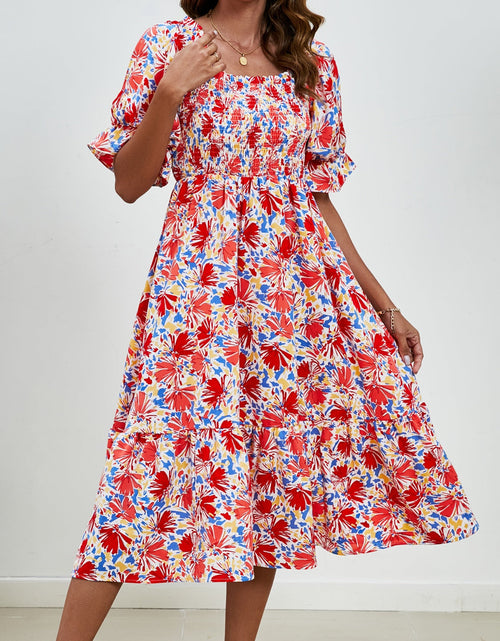 Load image into Gallery viewer, Smocked Floral Square Neck Short Sleeve Dress
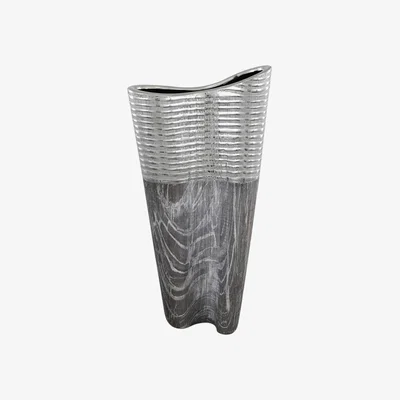 Teddy Beau Deco Home 38cm Slim Wave Vase Grey Silver / Silver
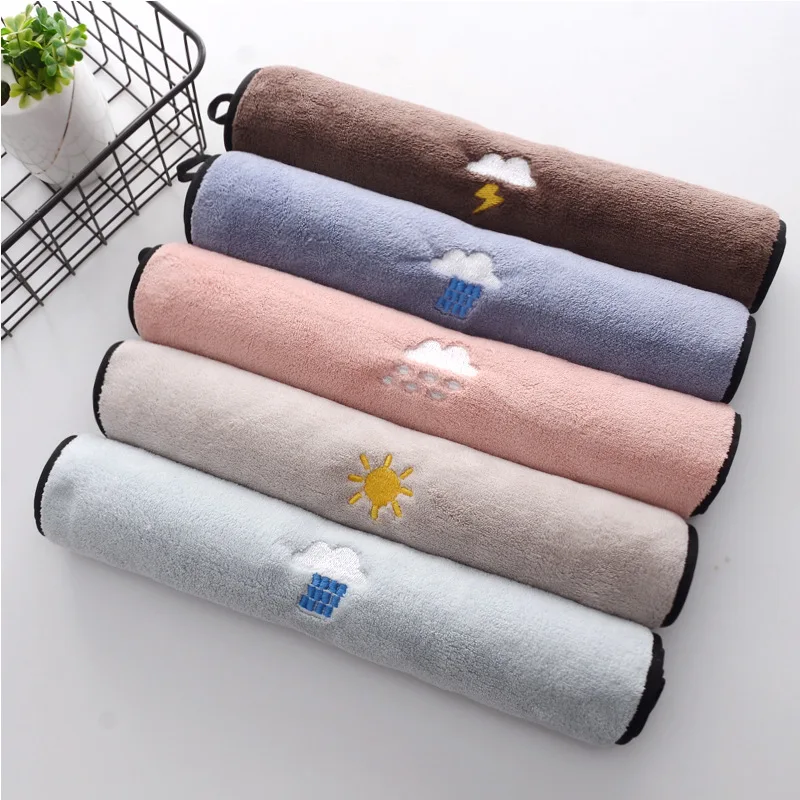 Quick Dry Microfiber Coraline Toalha Face Towel Absorbent Embroidery Pattern Lovely Hand Towels Bathroom for Kids Adults Home | Дом и сад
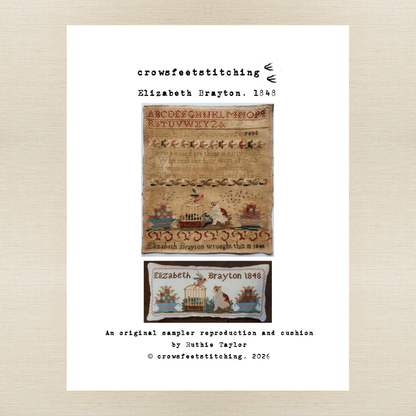 Crowsfeetstitching - Elizabeth Brayton, 1848 - Booklet Chart IH and/or Roxy Floss Pack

----

_Required work_: Your reply should consist of the data, transcribed exactly, and should hold no pictures.

_Answer to the problem_:
 Load image into Gallery viewer, Smocked Floral Square Neck Short Sleeve Dress
 Teddy Beau Deco Home 38cm Slim Wave Vase Grey Silver / Silver
 Quick Dry Microfiber Coraline Toalha Face Towel Absorbent Embroidery Pattern Lovely Hand Towels Bathroom for Kids Adults Home | Дом и сад
 Crowsfeetstitching - Elizabeth Brayton, 1848 - Booklet Chart IH and/or Roxy Floss Pack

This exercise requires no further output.